An integral part of such projects is the preparation of aftercare programmes.

In 1993 Alfred McAlpine (Slate Products) Ltd., the owners of the Penrhyn Quarry requested an environmental assessment from Cynefin Environmental Consultants Ltd with regards permission to extend the quarry by opening up some40 hectares of land on the southwestern fringes of the existing quarry to obtain fresh sources of new material. This area was just outside the northern boundary of the Snowdonia National Park and about one half of it was within the northern boundary of the Glydeiriau Site of Special Scientific interest. The countryside on all sides of the of the proposed extension , except that which adjoined the existing quarry was typical Snowdonia heathland and bog, with very low agricultural value and was used for sheep grazing.
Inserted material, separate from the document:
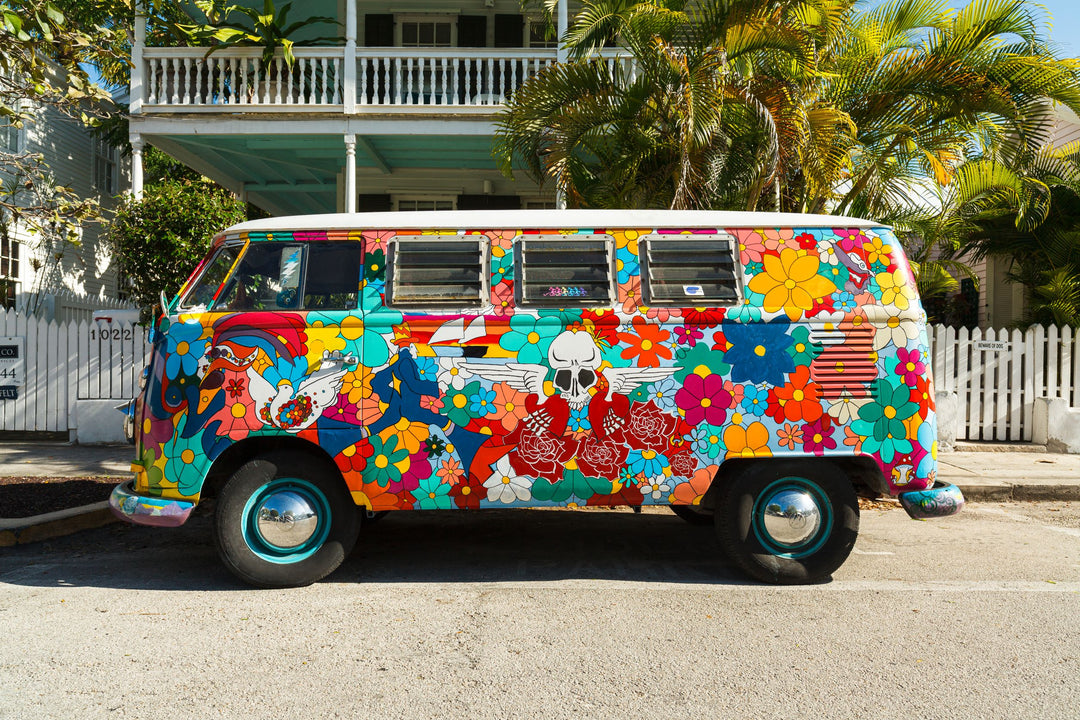 Hippie Vans - They're Back!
The proposed development would affect the vegetation and wildlife in the area to be quarried. However, these plant communities and habitats were typical of the wet acid soils in an upland area of northwest wales and well replicated in that part of Snowdonia. The mitigation measures that were proposed would ensure that the peat bog at Gwaun Gynfi, below the site would not be affected. Also, the wider mitiation programme would recreate existing habitats as well as establishing new ecological systems to increase the natural variation occuring in the area. The restoration schemes proposed were water based and included a lake surrounded by moraines containing a variety of plant communities and wildlife habitats.

The landscaping measures were required for the following reasons:

  • to reduce the visual impact of the quarry and tips;
  • to replace or enhance ecological conditions affected in the area;
  • to provide opportunities;
  • to develop techniques of using natural processes;
  • to reclaim slate wastelands;
  • to offer, in the Bethesda area, landscape with enhanced ecological and aesthetic qualities;and ·
  • to provide landforms that will make contributions to the leisure, recreational and educational facilities of the community.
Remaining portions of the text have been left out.